◆ WHAT THE EXERCISE ASKS
A line below contains "This book looks", and a later one contains "Hello Star Wars". Repeat both, with every line between them, exactly.

◆ DATA UNDER STUDY
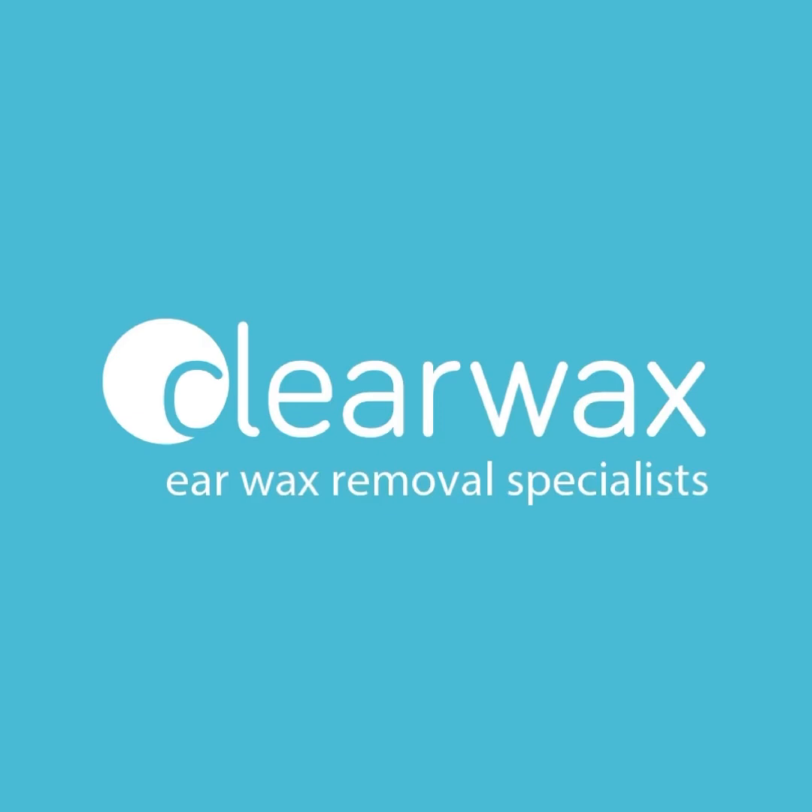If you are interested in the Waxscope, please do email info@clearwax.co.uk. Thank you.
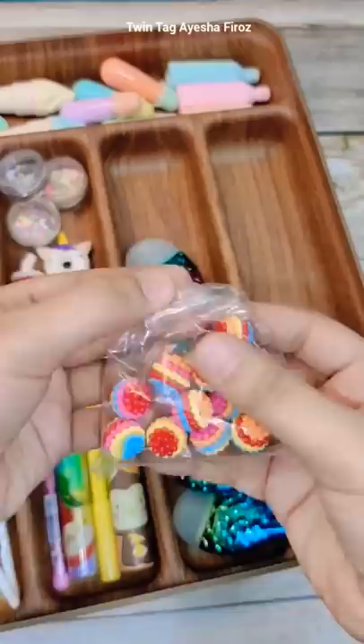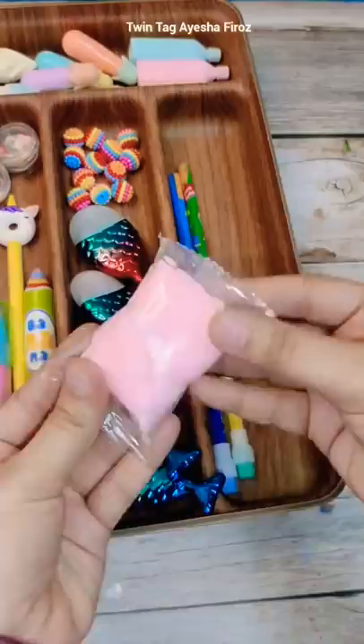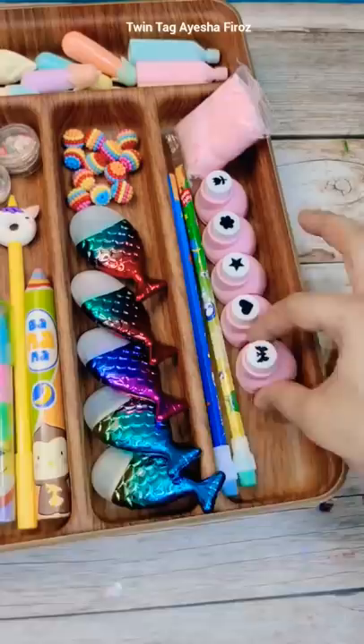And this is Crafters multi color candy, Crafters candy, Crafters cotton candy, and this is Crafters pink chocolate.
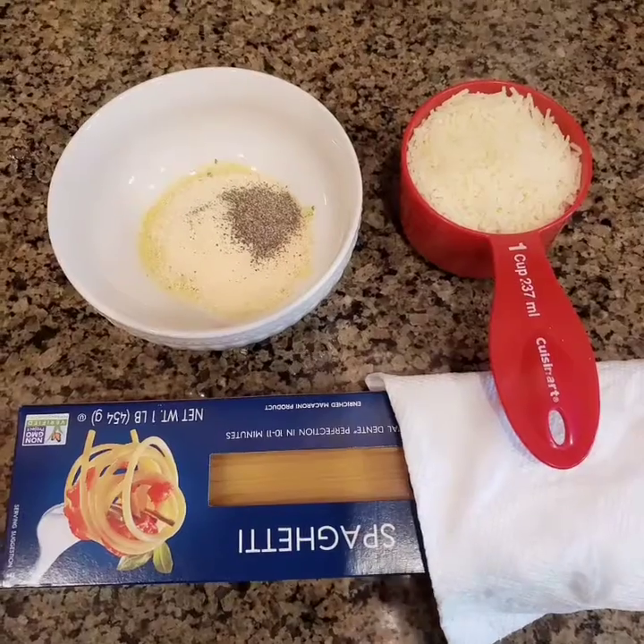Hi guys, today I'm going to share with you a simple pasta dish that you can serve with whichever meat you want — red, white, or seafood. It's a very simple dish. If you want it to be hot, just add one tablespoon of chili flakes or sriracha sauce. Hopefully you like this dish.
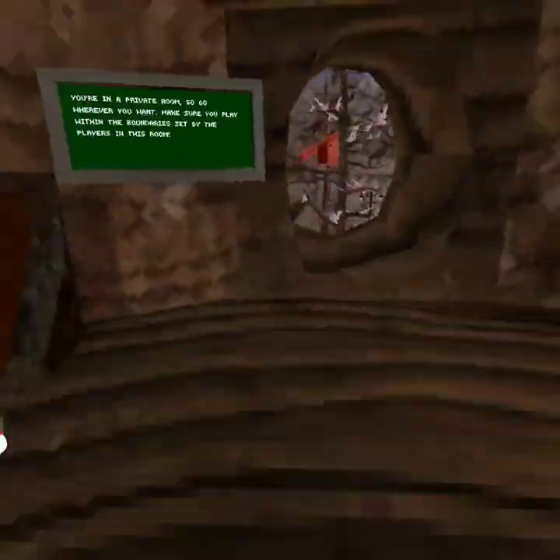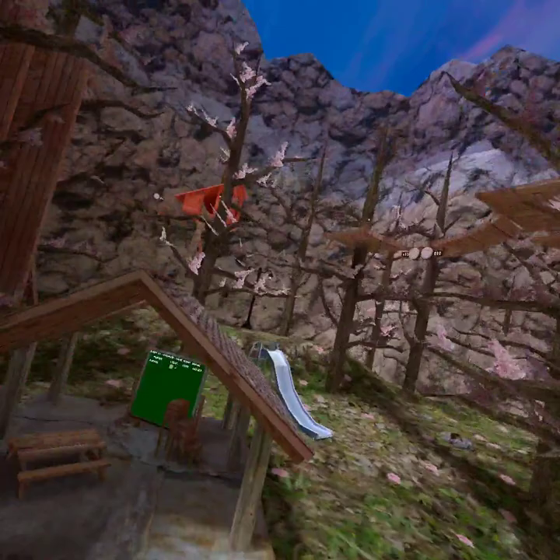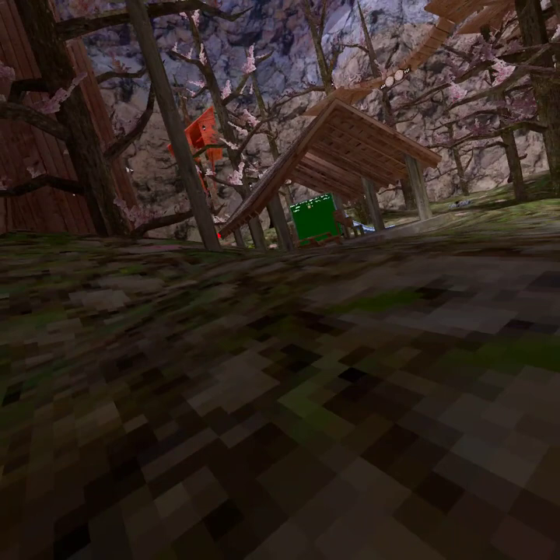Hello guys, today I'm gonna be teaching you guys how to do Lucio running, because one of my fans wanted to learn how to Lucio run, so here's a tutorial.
---
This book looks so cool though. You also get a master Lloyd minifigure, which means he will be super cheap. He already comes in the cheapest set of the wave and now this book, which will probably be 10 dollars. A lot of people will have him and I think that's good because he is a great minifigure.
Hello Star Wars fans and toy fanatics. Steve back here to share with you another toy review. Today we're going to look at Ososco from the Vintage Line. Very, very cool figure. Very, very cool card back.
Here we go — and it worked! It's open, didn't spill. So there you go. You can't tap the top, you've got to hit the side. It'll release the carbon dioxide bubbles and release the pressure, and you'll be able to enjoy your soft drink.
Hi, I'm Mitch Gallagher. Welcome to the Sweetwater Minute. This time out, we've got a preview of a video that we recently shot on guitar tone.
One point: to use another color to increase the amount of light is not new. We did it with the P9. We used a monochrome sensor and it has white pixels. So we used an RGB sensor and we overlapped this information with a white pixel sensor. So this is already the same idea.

◆ RESULT
This book looks so cool though. You also get a master Lloyd minifigure, which means he will be super cheap. He already comes in the cheapest set of the wave and now this book, which will probably be 10 dollars. A lot of people will have him and I think that's good because he is a great minifigure.
Hello Star Wars fans and toy fanatics. Steve back here to share with you another toy review. Today we're going to look at Ososco from the Vintage Line. Very, very cool figure. Very, very cool card back.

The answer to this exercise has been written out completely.